Transcribe the listing verbatim, please, with images dropped.

*** Begin section ***

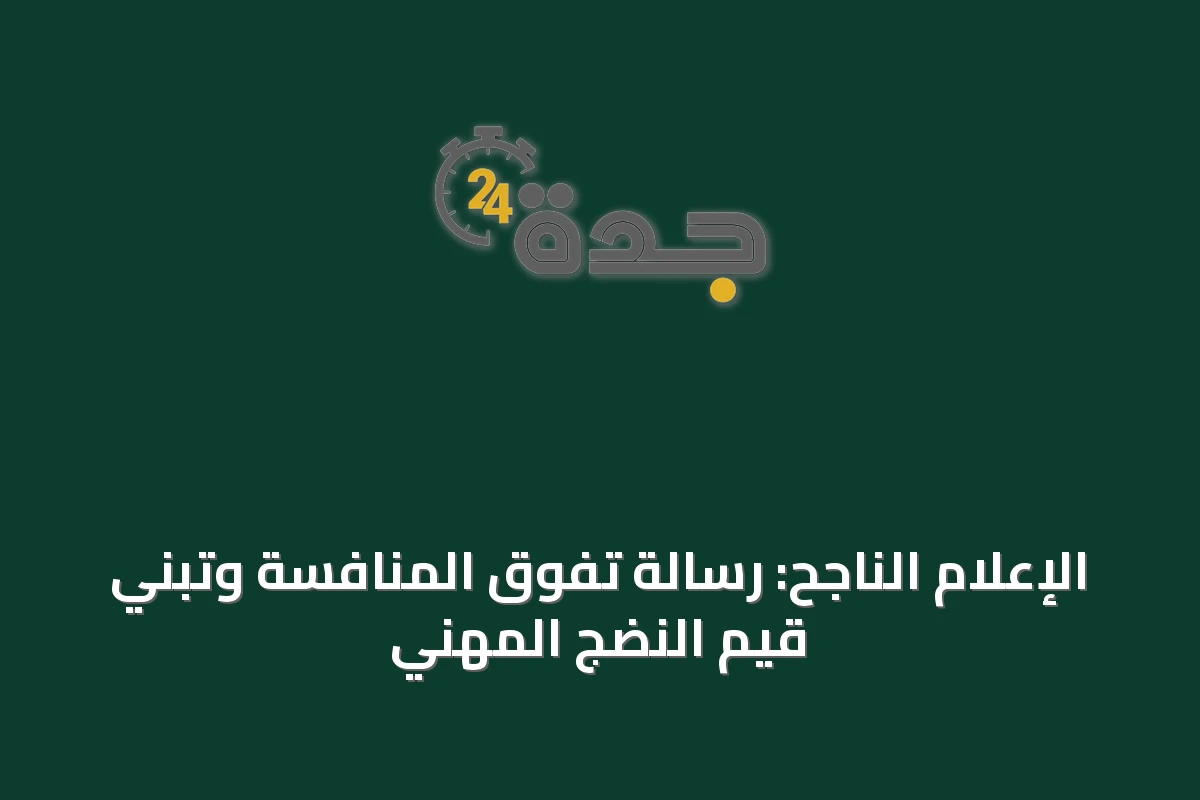 الإعلام الناجح: رسالة تفوق المنافسة وتبني قيم النضج المهني
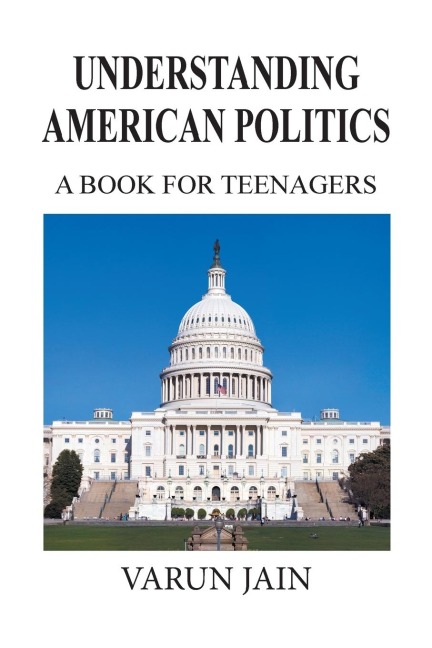 Understanding American Politics: A Book for Teenagers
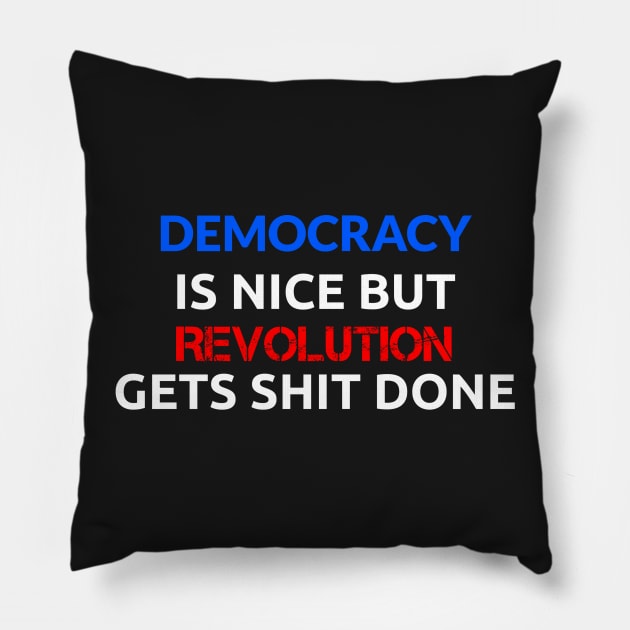 Democracy is Nice Pillow by Emma Tebibyte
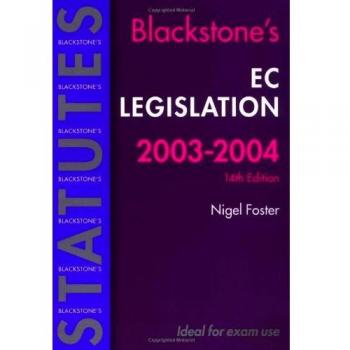 EC Legislation 2003-2004 (Blackstone's Statutes)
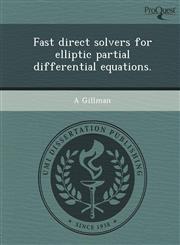 Fast direct solvers for elliptic partial differential equations.,1249860628,9781249860624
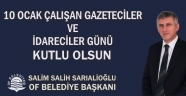 Başkan Sarıalioğlu, 10 Ocak Çalışan Gazeteciler ve İdareciler Gününü Kutladı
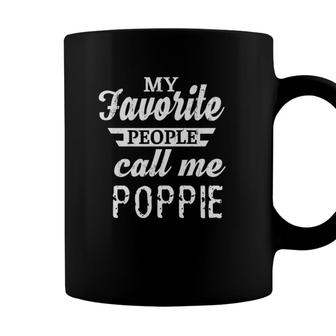 Mens My Favorite People Call Me Poppie Grandpa Coffee Mug - Seseable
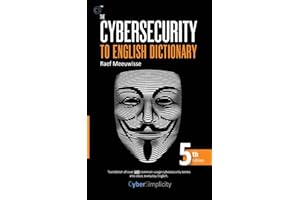The Cybersecurity to English Dictionary: 5th Edition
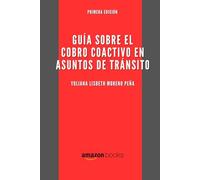 GUÍA SOBRE EL COBRO COACTIVO EN ASUNTOS DE TRÁNSITO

*** End section ***

== SOLVED PROBLEM ==
 الإعلام الناجح: رسالة تفوق المنافسة وتبني قيم النضج المهني
 Understanding American Politics: A Book for Teenagers
 Democracy is Nice Pillow by Emma Tebibyte
 EC Legislation 2003-2004 (Blackstone's Statutes)
 Fast direct solvers for elliptic partial differential equations.,1249860628,9781249860624
 Başkan Sarıalioğlu, 10 Ocak Çalışan Gazeteciler ve İdareciler Gününü Kutladı
 Mens My Favorite People Call Me Poppie Grandpa Coffee Mug - Seseable
The Cybersecurity to English Dictionary: 5th Edition
 GUÍA SOBRE EL COBRO COACTIVO EN ASUNTOS DE TRÁNSITO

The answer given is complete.